Prof. Yardena Samuels of the Institute’s Molecular Cell Biology Department wanted to know why, despite the fact that cancer deaths from melanoma have dropped in recent years thanks to new immunotherapy treatments, many patients do not respond to the therapy. The reasons for this have not been clear, though the leading hypothesis, supported by a few studies, has been that tumors with more mutations—a higher “tumor mutational burden"—are more likely to respond to immunotherapy. Some patients even spend large sums to undergo radiation or chemical treatments to increase tumor mutations, but a causal relationship between the two has not yet been proven. Samuels and her colleagues were intrigued by studies that had suggested a different possible correlation—that between heterogeneity (that is, the genetic diversity among tumor cells) and the response to therapy. To investigate this theory, however, the team had to develop a new experimental system to check exactly which factors play a role.
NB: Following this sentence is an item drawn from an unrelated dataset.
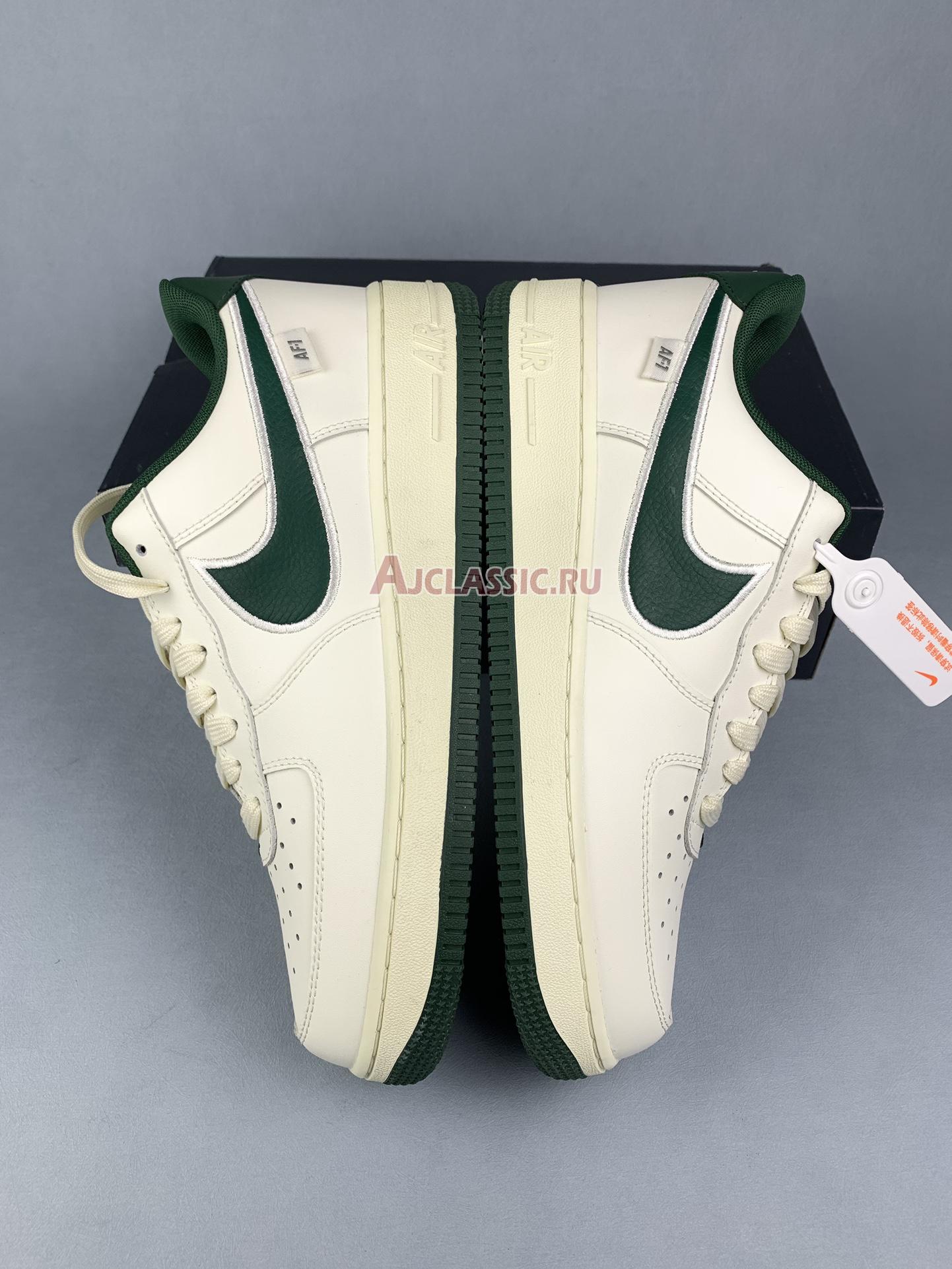 New Nike Air Force 1 Low 07 "Sail Fir Green" FV0392-100 Shoes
In the study, which was led by Drs. Yochai Wolf and Osnat Bartok in Samuels’ lab, the researchers took mouse melanoma cells and exposed them to a type of UV light known to promote this cancer. This increased both the mutations and the cell heterogeneity in the growth. When they injected mice with either these cells or the regular melanoma cells, the irradiated ones multiplied faster and were more aggressive. Despite the fact that these cells had a higher mutational burden—and thus should have been more responsive to immunotherapy—they actually were less likely to be eradicated than those from the original tumor. In other words, although there was a high mutational burden, there was also high heterogeneity, and the researchers hypothesized that the latter was driving the resistance.